→ Exercise brief
Transcribe the data exactly, omitting whatever pictures it holds.

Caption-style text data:

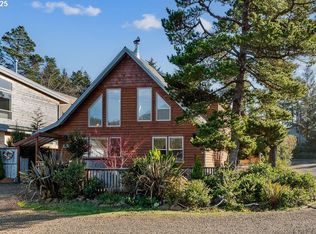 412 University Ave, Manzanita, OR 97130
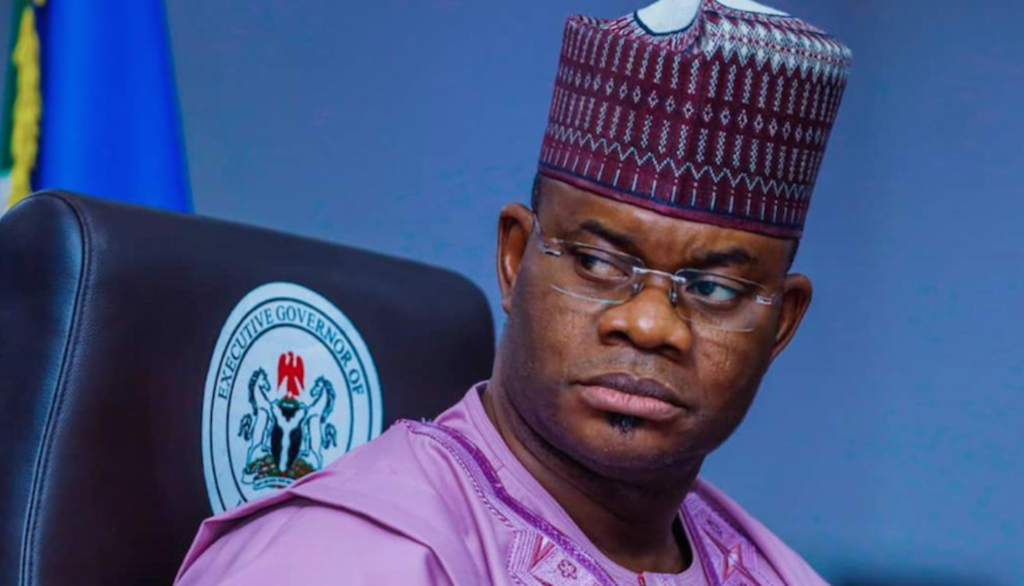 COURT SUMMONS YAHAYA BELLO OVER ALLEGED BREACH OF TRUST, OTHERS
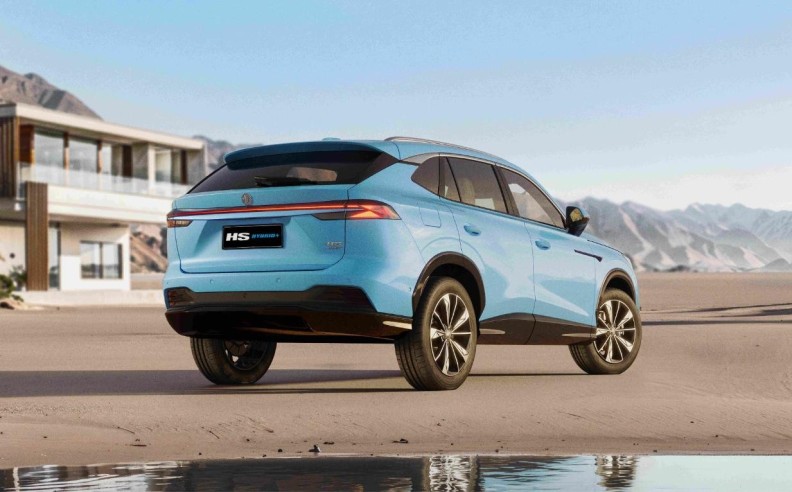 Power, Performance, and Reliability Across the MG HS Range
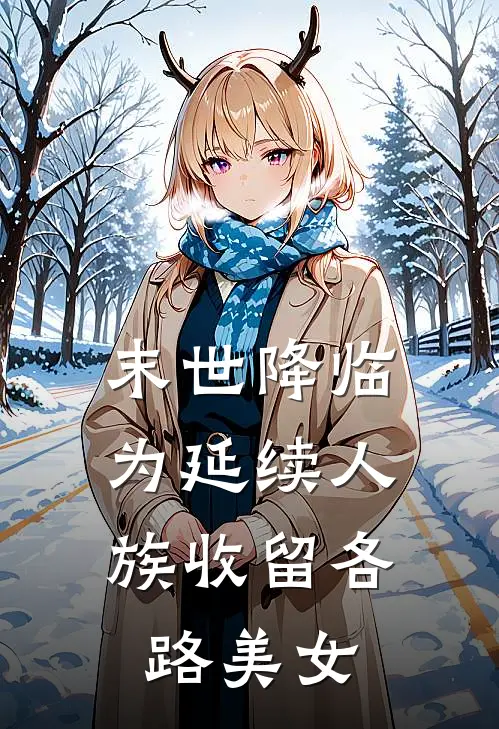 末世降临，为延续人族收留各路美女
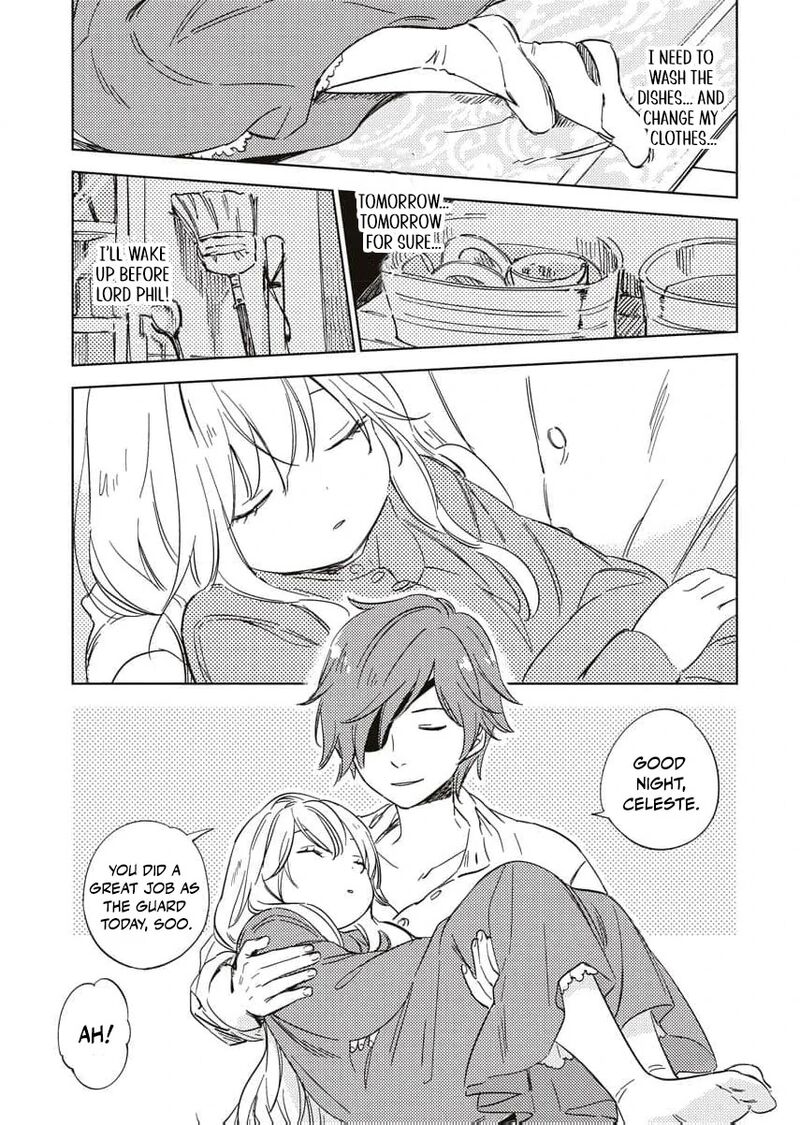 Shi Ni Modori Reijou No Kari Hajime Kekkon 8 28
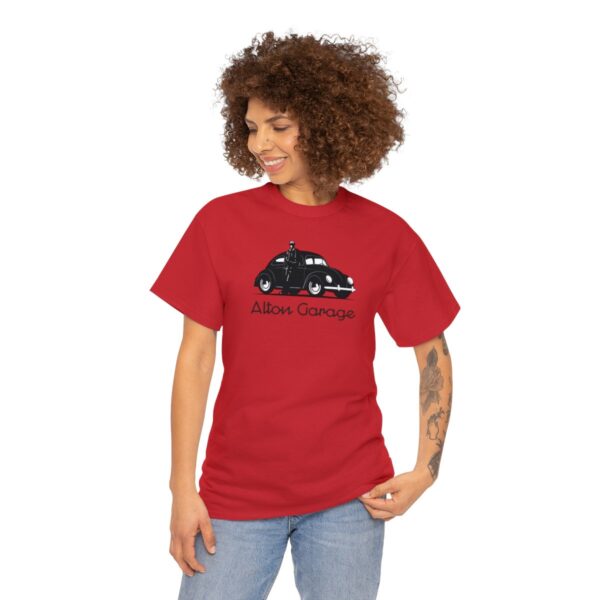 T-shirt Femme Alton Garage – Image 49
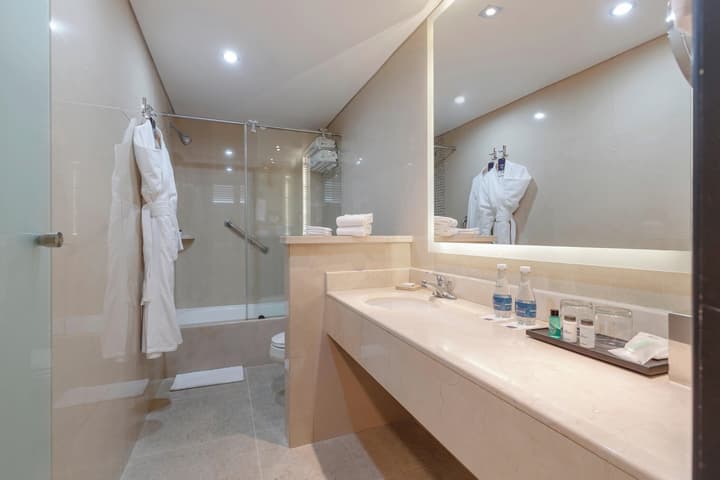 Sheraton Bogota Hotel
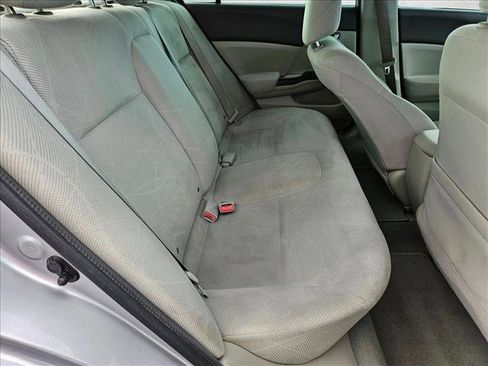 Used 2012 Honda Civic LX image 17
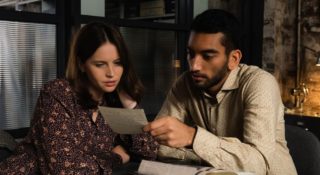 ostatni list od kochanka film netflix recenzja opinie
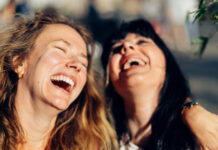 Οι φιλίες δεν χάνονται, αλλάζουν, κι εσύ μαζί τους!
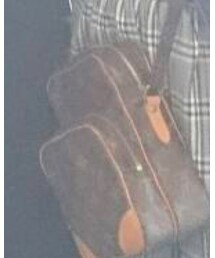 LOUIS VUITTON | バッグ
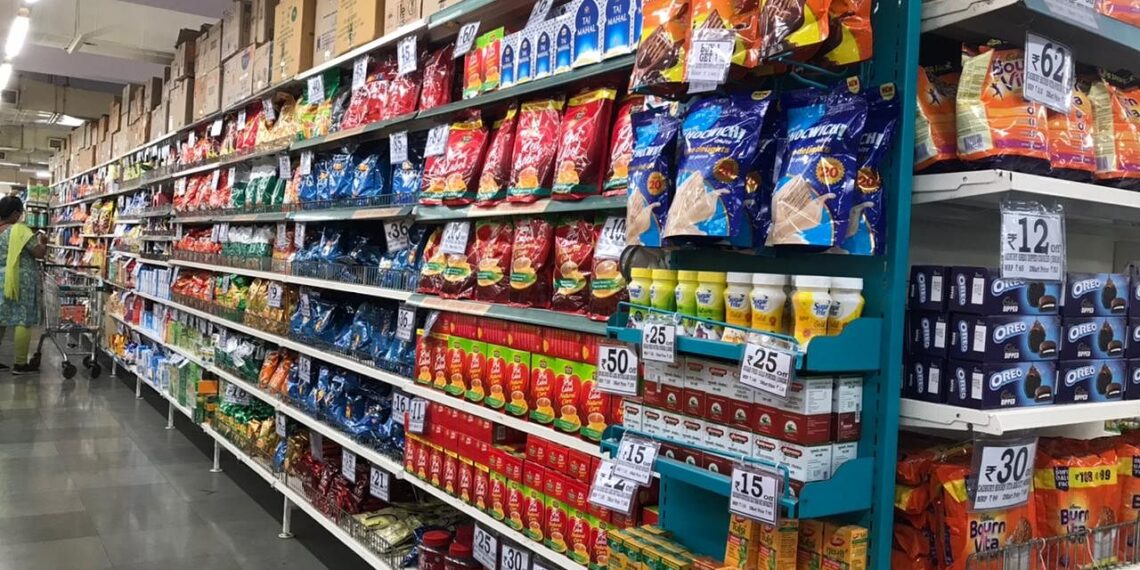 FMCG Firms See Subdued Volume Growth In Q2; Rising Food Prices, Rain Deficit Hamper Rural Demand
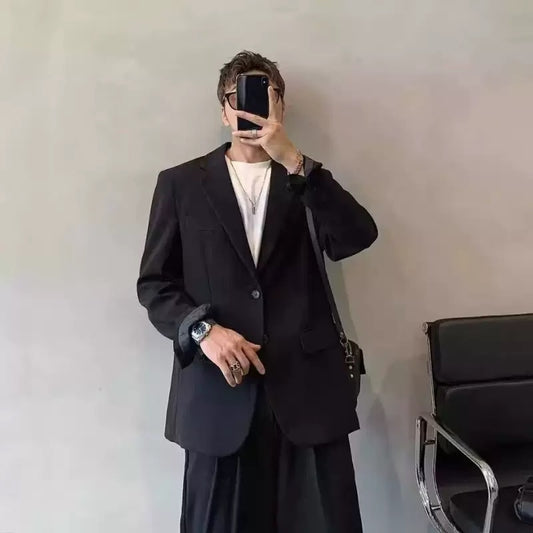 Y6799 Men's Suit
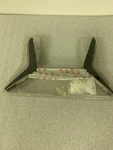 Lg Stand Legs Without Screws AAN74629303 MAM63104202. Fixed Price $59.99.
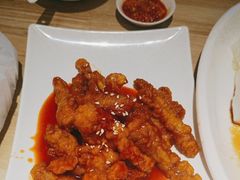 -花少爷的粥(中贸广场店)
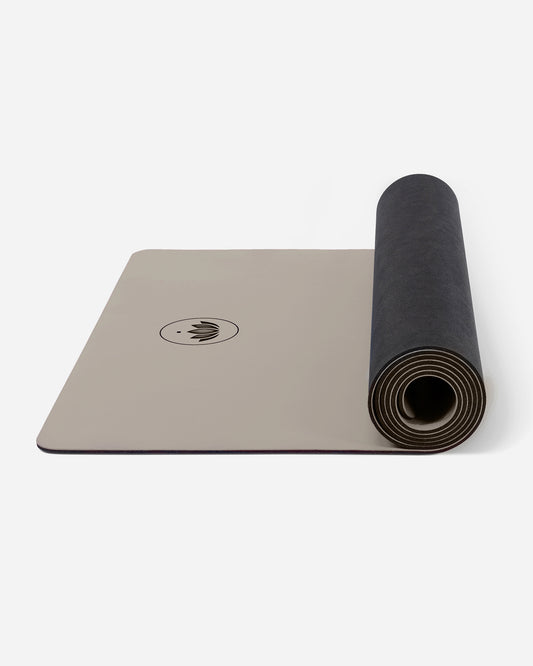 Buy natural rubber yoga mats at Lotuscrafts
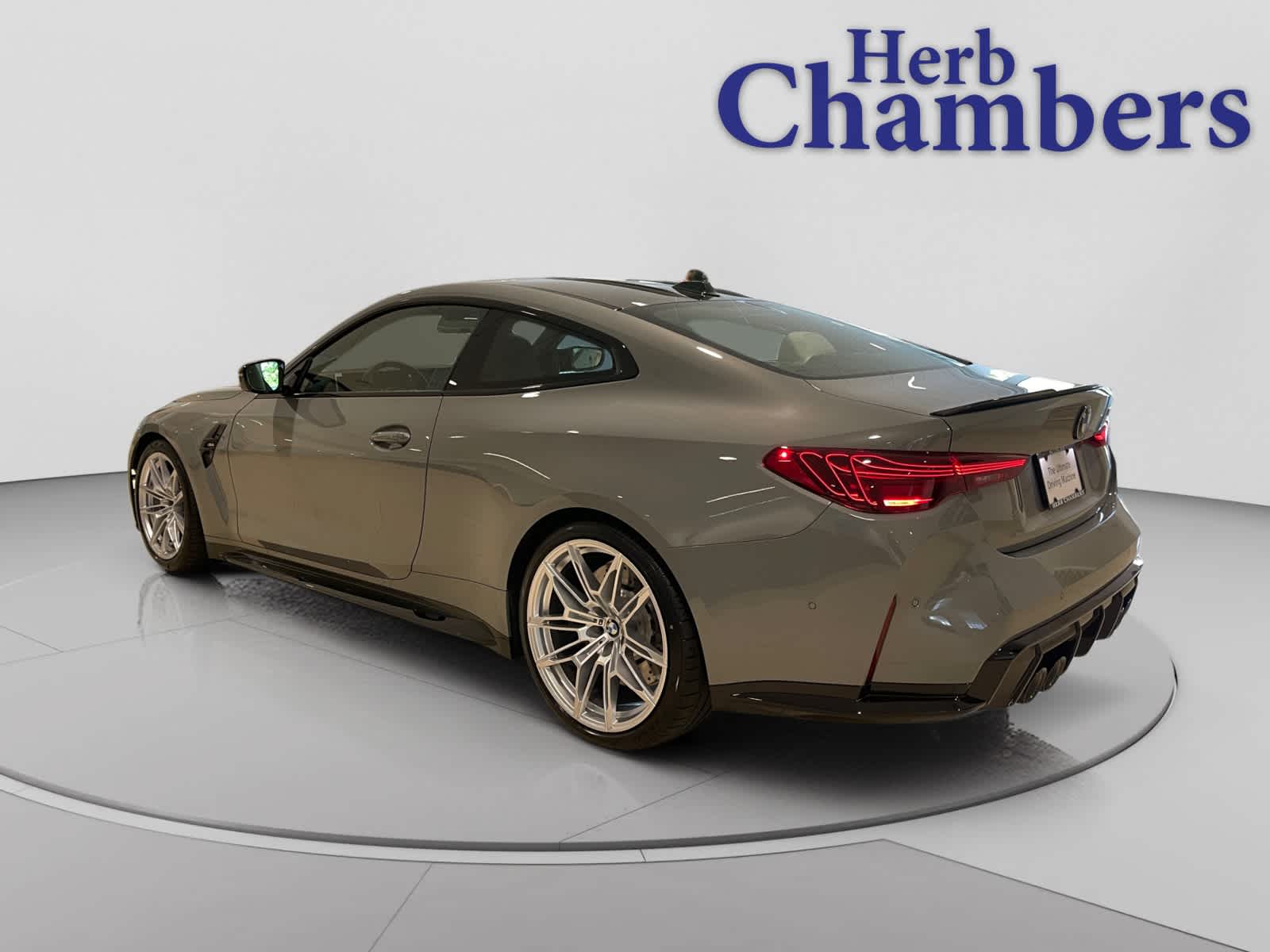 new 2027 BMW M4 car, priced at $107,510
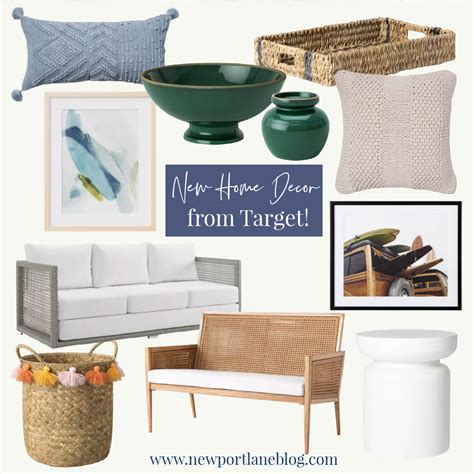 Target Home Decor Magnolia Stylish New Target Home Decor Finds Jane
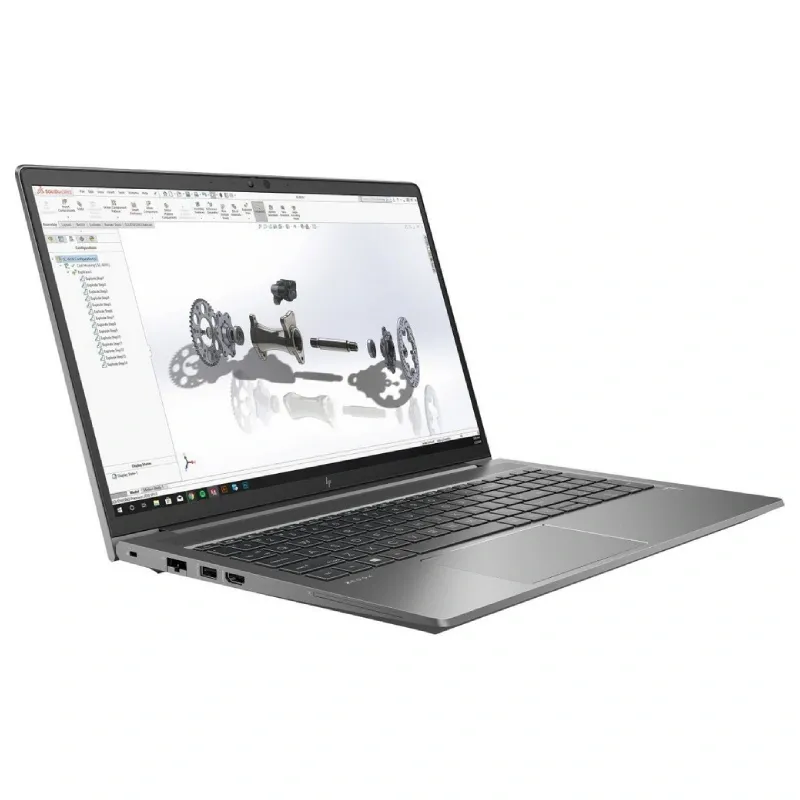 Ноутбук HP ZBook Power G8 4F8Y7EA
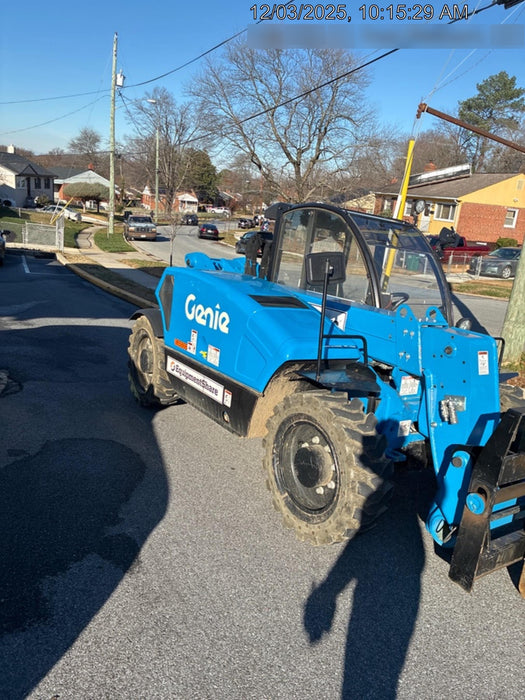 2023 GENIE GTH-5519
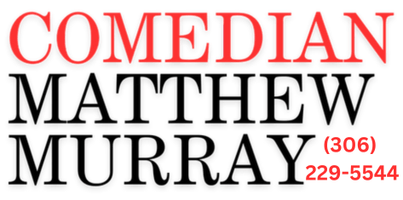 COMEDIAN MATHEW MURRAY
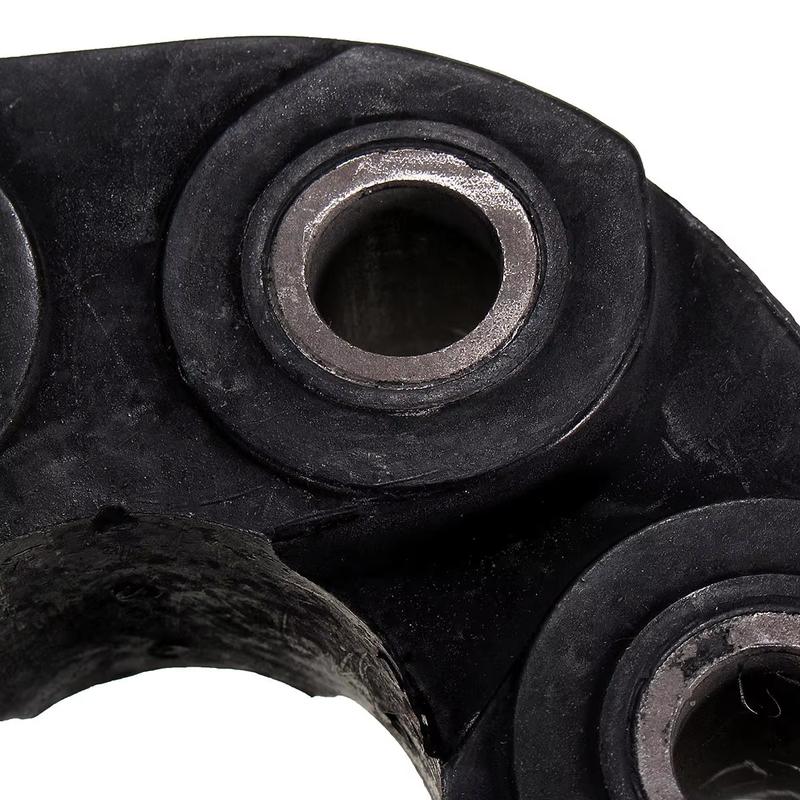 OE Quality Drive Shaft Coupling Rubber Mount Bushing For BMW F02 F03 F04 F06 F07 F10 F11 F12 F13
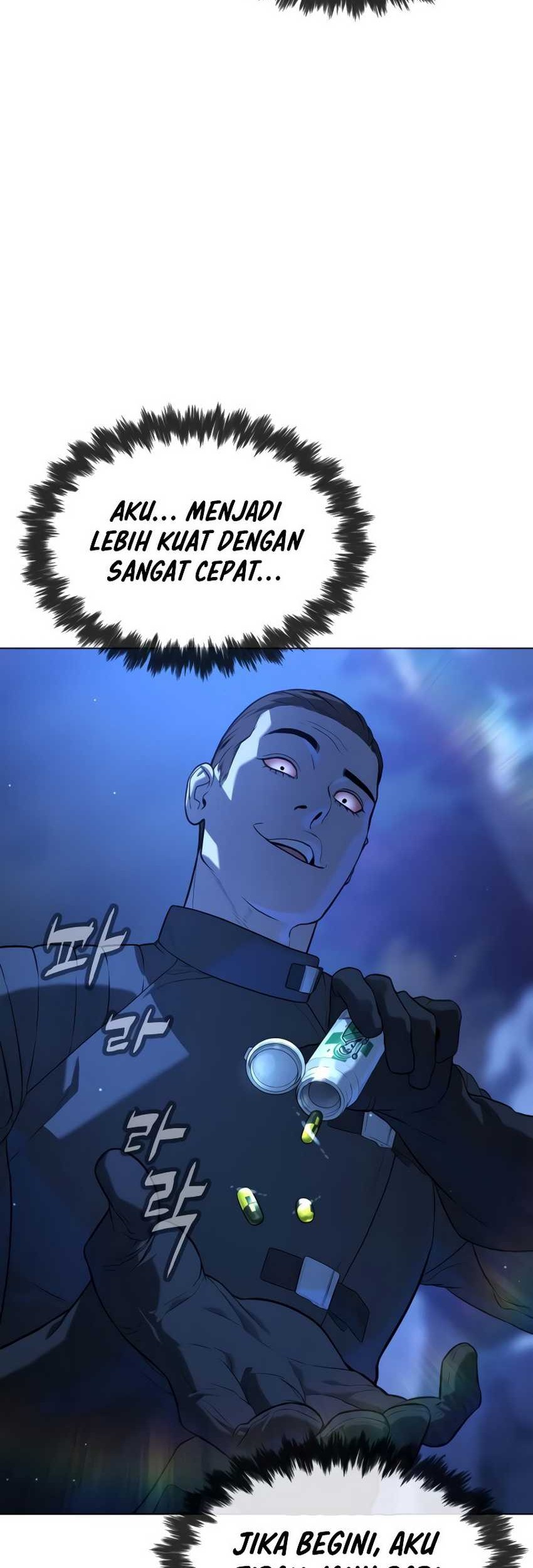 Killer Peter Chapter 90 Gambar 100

→ Solution
 412 University Ave, Manzanita, OR 97130
 COURT SUMMONS YAHAYA BELLO OVER ALLEGED BREACH OF TRUST, OTHERS
 Power, Performance, and Reliability Across the MG HS Range
 末世降临，为延续人族收留各路美女
 Shi Ni Modori Reijou No Kari Hajime Kekkon 8 28
 T-shirt Femme Alton Garage – Image 49
 Sheraton Bogota Hotel
 Used 2012 Honda Civic LX image 17
 ostatni list od kochanka film netflix recenzja opinie
 Οι φιλίες δεν χάνονται, αλλάζουν, κι εσύ μαζί τους!
 LOUIS VUITTON | バッグ
 FMCG Firms See Subdued Volume Growth In Q2; Rising Food Prices, Rain Deficit Hamper Rural Demand
 Y6799 Men's Suit
 Lg Stand Legs Without Screws AAN74629303 MAM63104202. Fixed Price $59.99.
 -花少爷的粥(中贸广场店)
 Buy natural rubber yoga mats at Lotuscrafts
 new 2027 BMW M4 car, priced at $107,510
 Target Home Decor Magnolia Stylish New Target Home Decor Finds Jane
 Ноутбук HP ZBook Power G8 4F8Y7EA
 2023 GENIE GTH-5519
 COMEDIAN MATHEW MURRAY
 OE Quality Drive Shaft Coupling Rubber Mount Bushing For BMW F02 F03 F04 F06 F07 F10 F11 F12 F13
 Killer Peter Chapter 90 Gambar 100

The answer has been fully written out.